*** Begin section ***

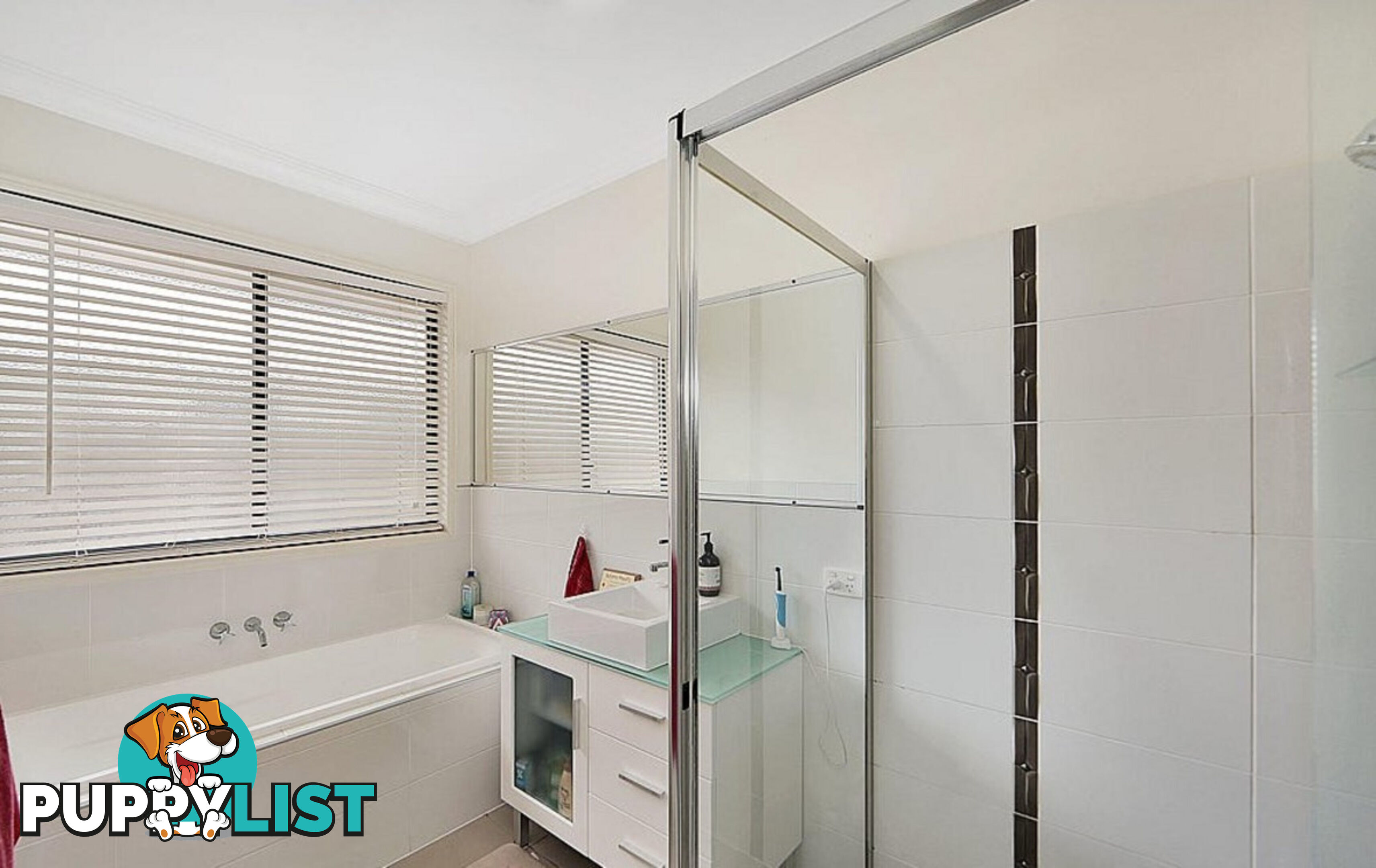 4 Whale Circuit BARGARA QLD 4670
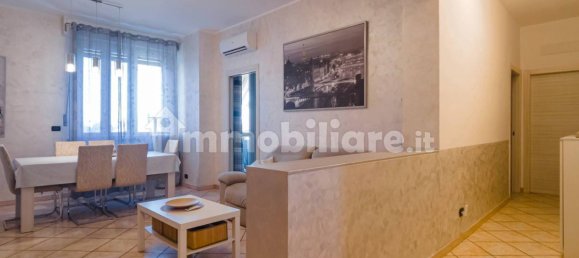 3 bedrooms Apartment in Turin, Italy No. 264099 3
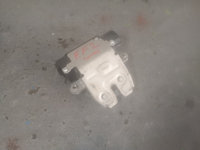 Broasca haion portbagaj Ford Focus 2 Combi cod 3M51-R442A66-CA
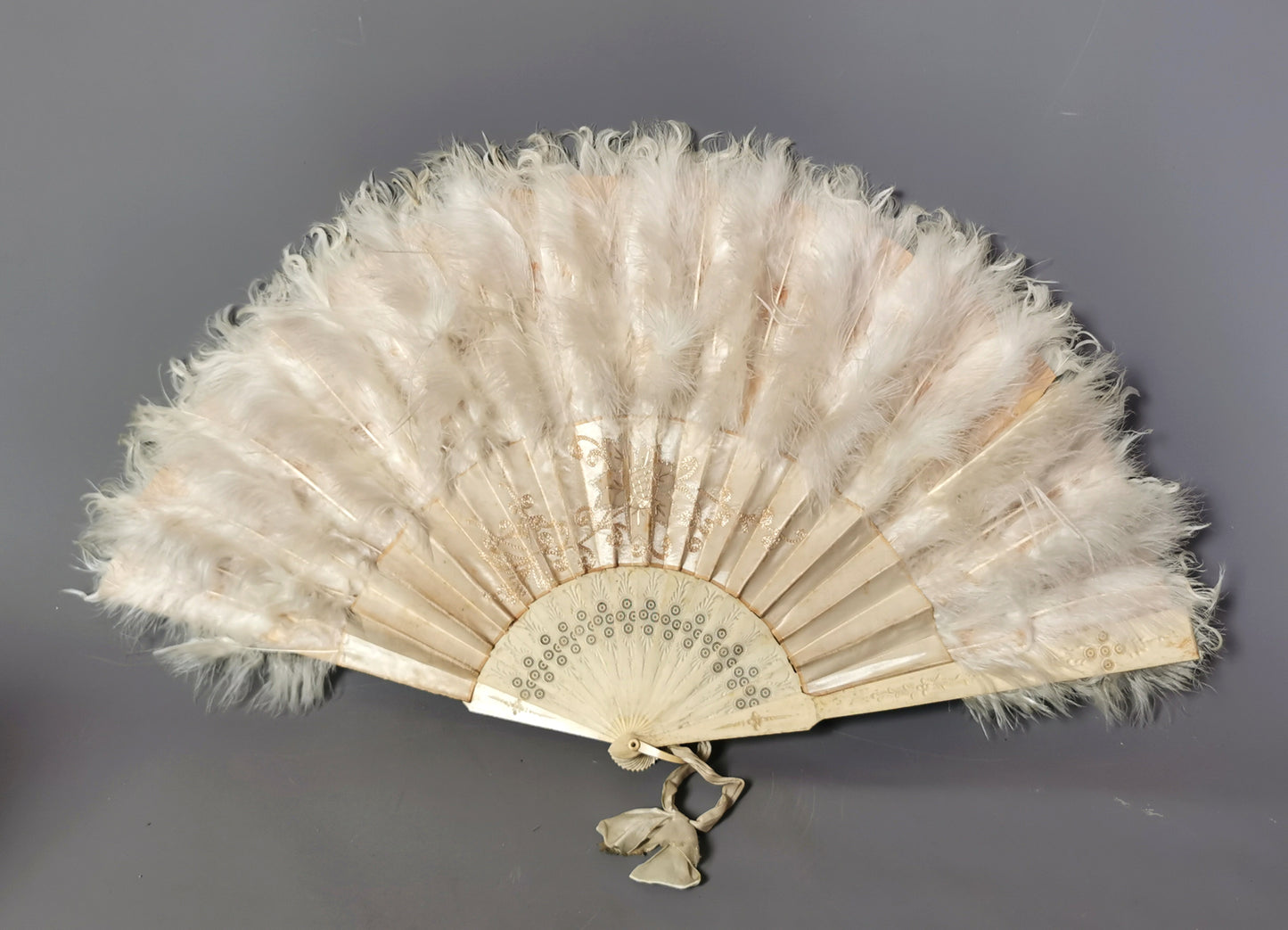 Antique Victorian hand fan, silk, feather and bone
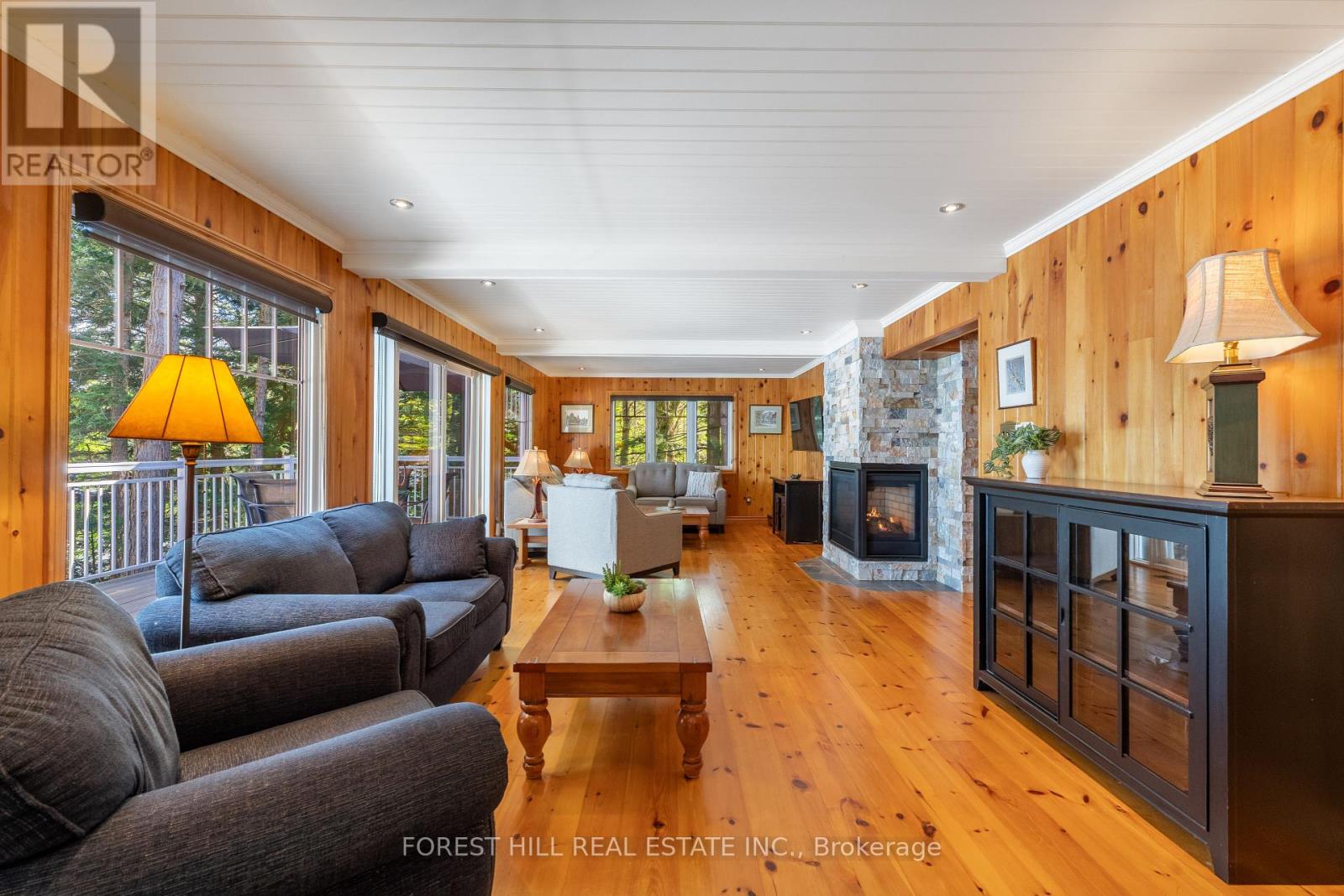 1116 Sagamo Boulevard, Muskoka Lakes, Ontario  P0B 1J0 - Photo 19 - X12153443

*** End section ***

Everything in the entries except the pictures must be duplicated exactly.

RESULT:
 4 Whale Circuit BARGARA QLD 4670
 3 bedrooms Apartment in Turin, Italy No. 264099 3
 Broasca haion portbagaj Ford Focus 2 Combi cod 3M51-R442A66-CA
 Antique Victorian hand fan, silk, feather and bone
 1116 Sagamo Boulevard, Muskoka Lakes, Ontario  P0B 1J0 - Photo 19 - X12153443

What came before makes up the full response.